/AgileMachineLearning

The main repo for Hack University's Summer '16 Agile Machine Learning class

Primary LanguagePython

Main Repo for Agile Machine Learning class.

Installation

  1. Clone this repo
  2. Optional: set up virtualenv to house this project
  3. Run python tests.py and install things including all the following:
  4. Get copy of CrossValidated database
  5. Create stats database, and import CrossValidated dump
  6. pip install -r requirements.txt

The Data

StackExchange is a network of crowd-curated q/a sites. with plenty of years behind them. That network includes everything from the very-well-known StackOverflow to a continuously updated pile of specialty sites for specific skill niches.

As a programmer, they have been the single biggest asset for finding expert-written solutions to problems I faced as I faced them. What's more exciting is that they release all their data openly. It's available through an online database interface, as a large dump in a torrent (click "Download Data Dumps" for most current version), or through an api.
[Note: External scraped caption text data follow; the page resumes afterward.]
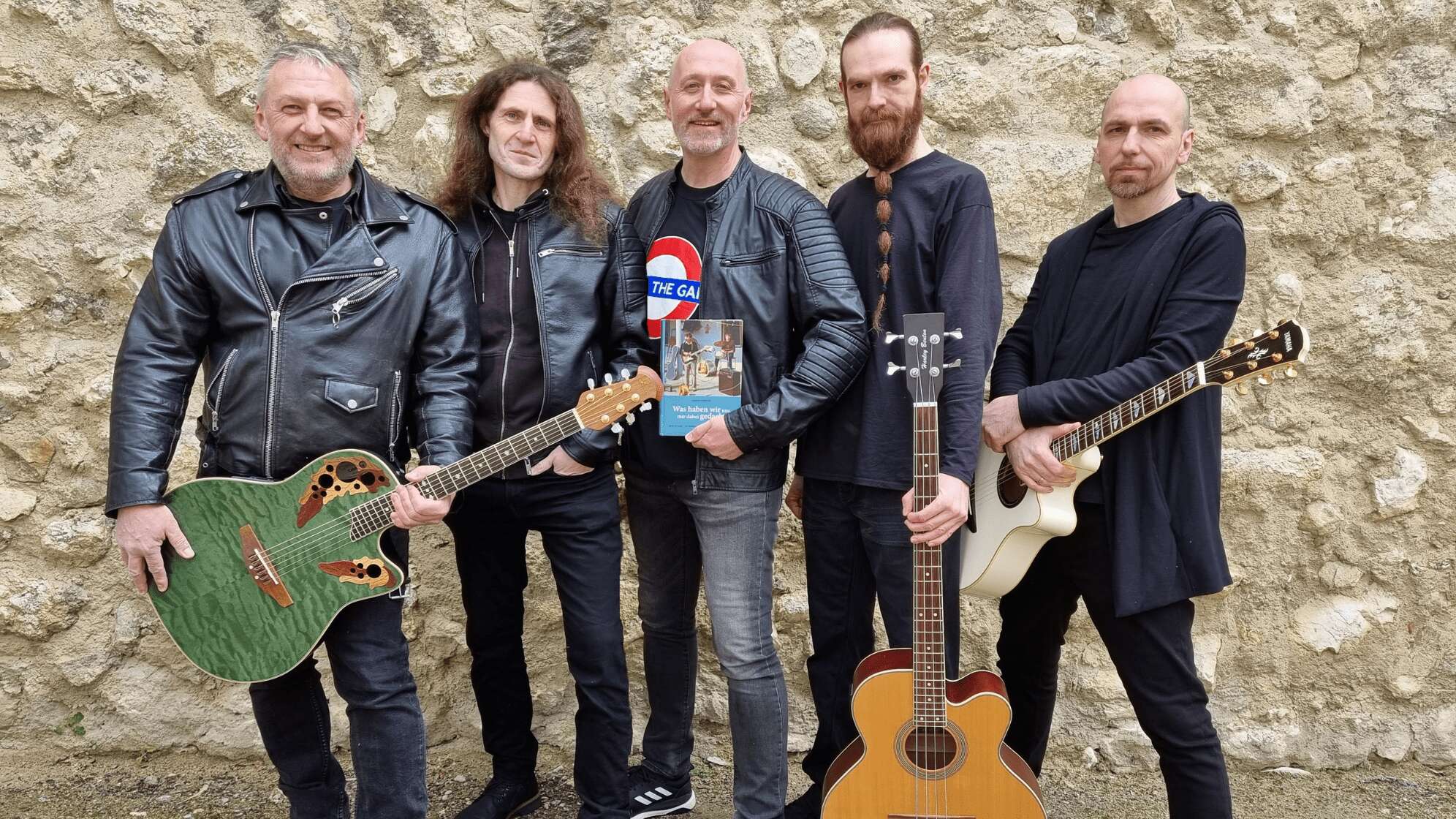 5 Männer mit Gitarren in der Hand vor einer Steinmauer.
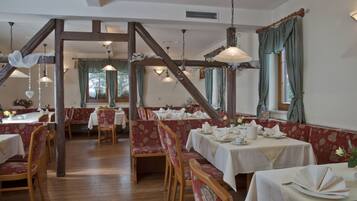 A dining area with wooden beams, red upholstered booths, and white tablecloths.
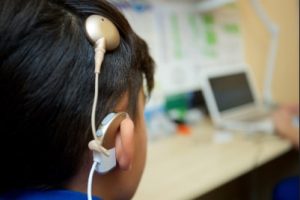 Boy with cochlear implant.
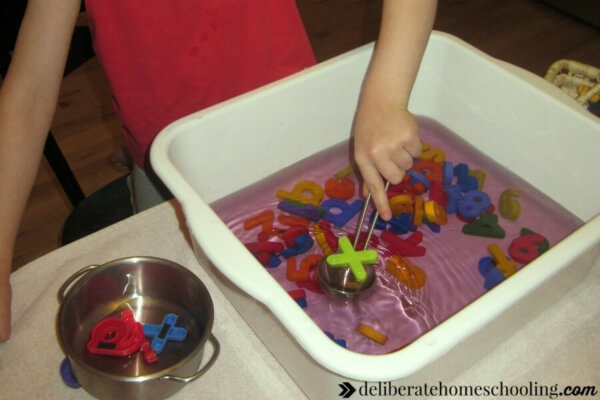 It's important not to rush children into reading. However, there are some fun ways to prepare and teach your preschooler to read... such as playing "alphabet soup".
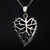 Sterling Silver Filigree Leaf Pendant On Mannequin Close up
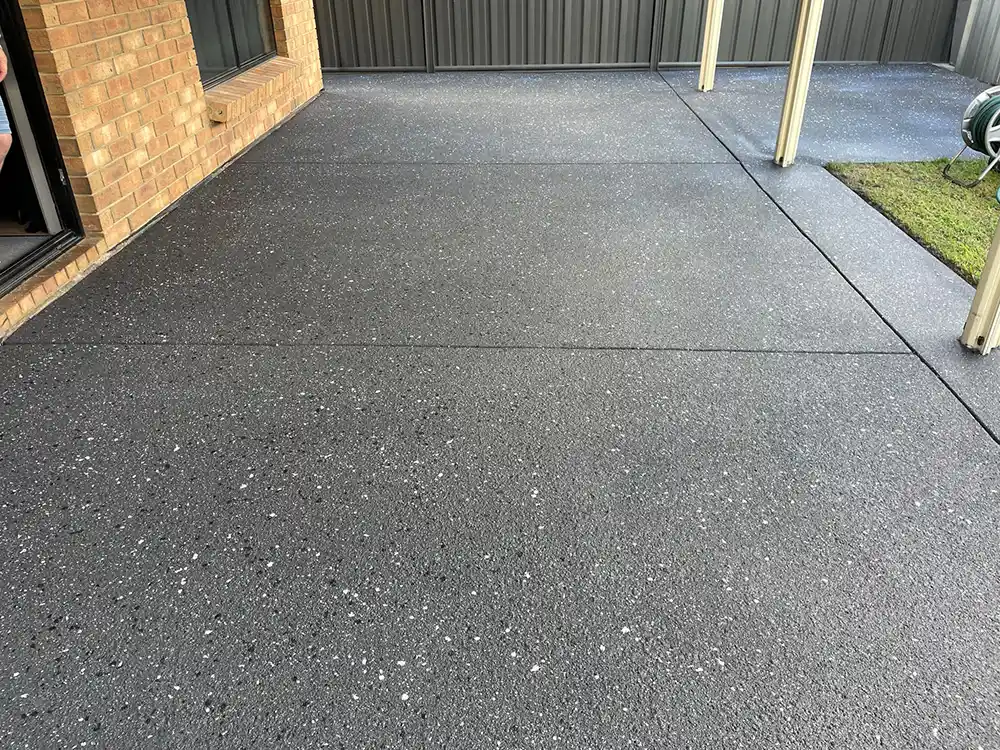 Dark speckled sealed concrete patio beside a brick wall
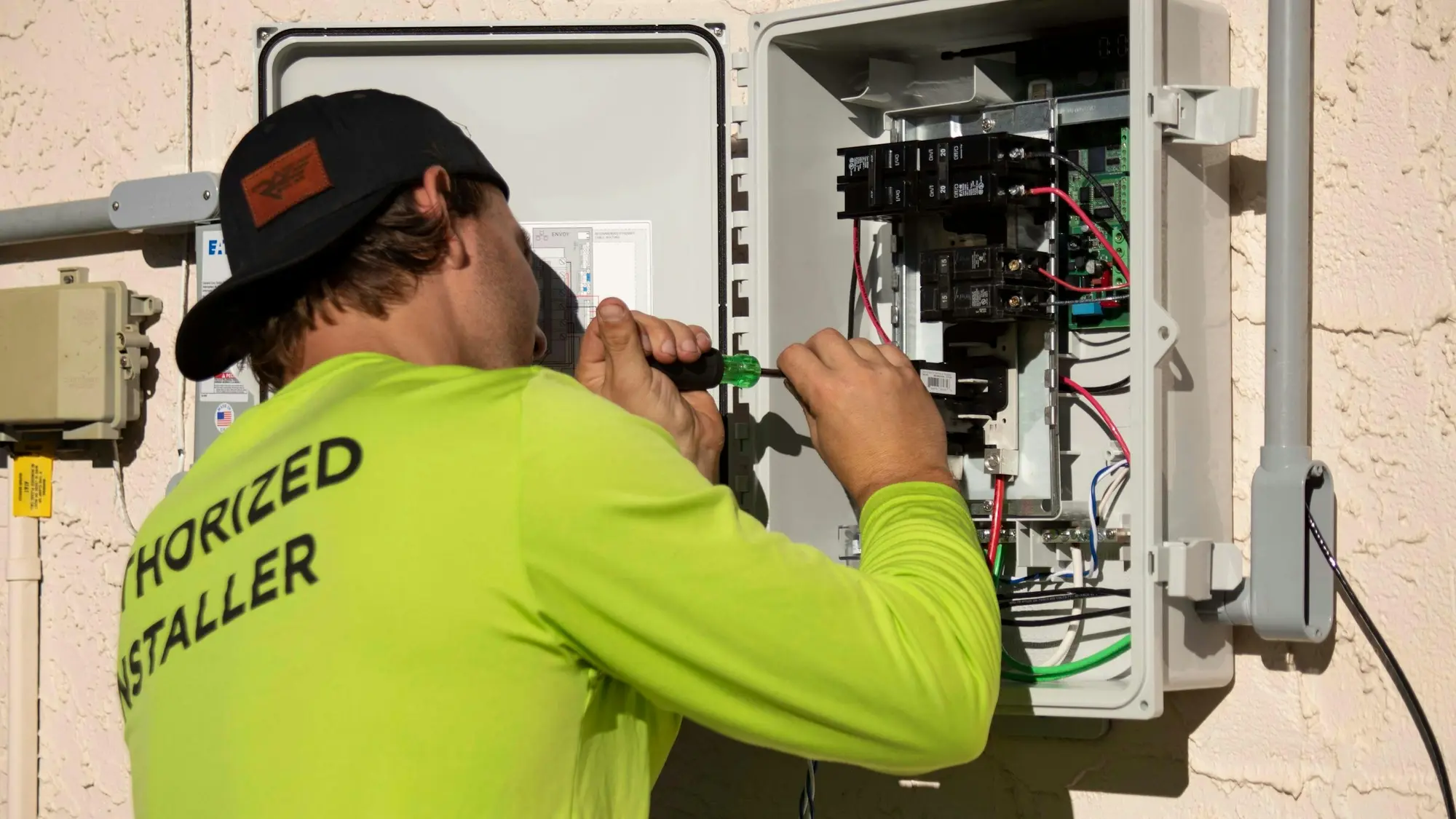 Electrician in a yellow work shirt using a screwdriver on an open outdoor electrical panel on a house wall
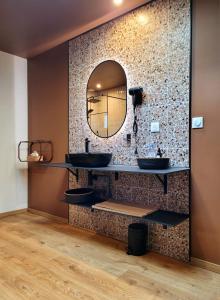 a bathroom with two sinks and a mirror at Tresors de Sens in Sens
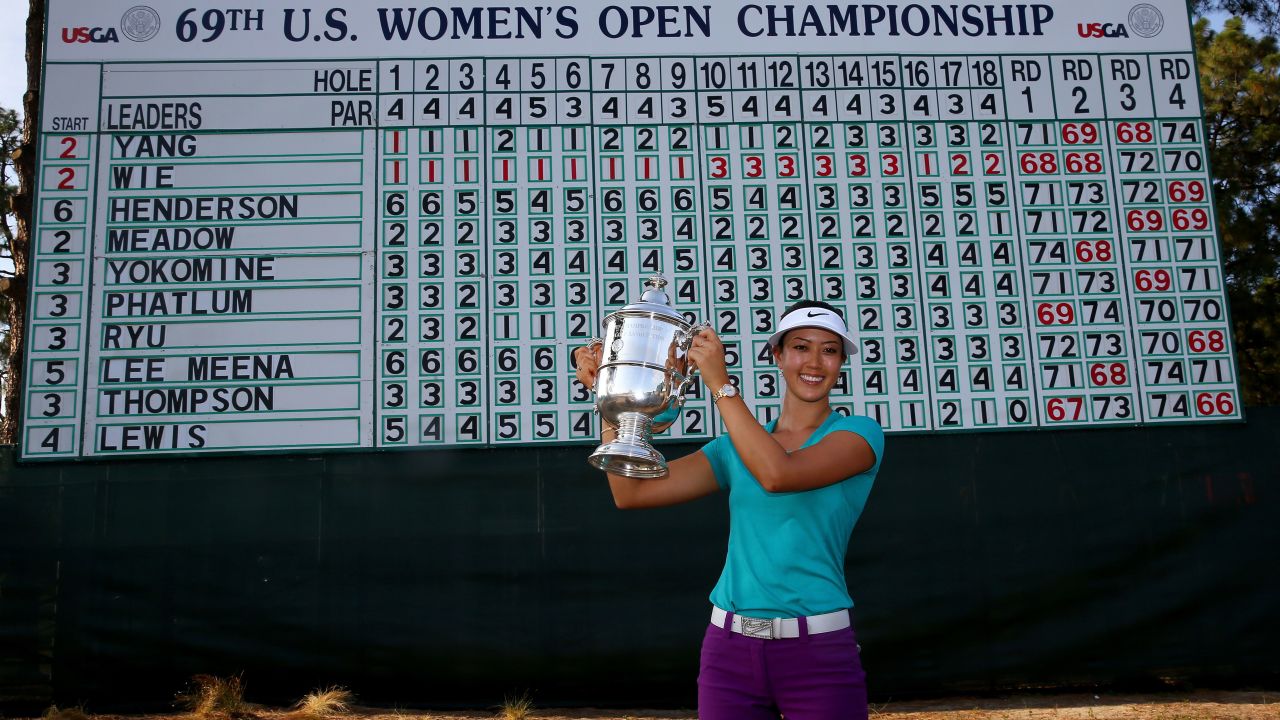 Wie celebrates with the trophy after winning in the final round of the 69th U.S. Women's Open in 2014.
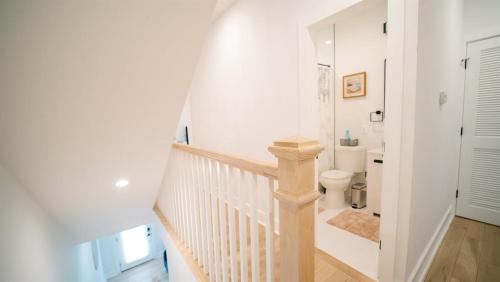 a white bathroom with a staircase and a toilet at Stylish 4BR Home Near Columbia Heights & Rooftop in Washington, D.C.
We're going to be using data from the site from their CrossValidated site, known in the data at stats. It's one of the more established not-StackOverflow sites, and also has pretty on-topic questions/answers for this class. :)

TDD

For the sake of adventure, we're going to try out Test Driven Development in our machine learning word. This will mean some combination of random data generation and finding a small set of data we know really well. You'll find a few tests within the tests folder. To run all tests, call python test.py from this project's root folder. Note that, as you add new files to the tests directory, you'll have to import them into that same in-root test.py.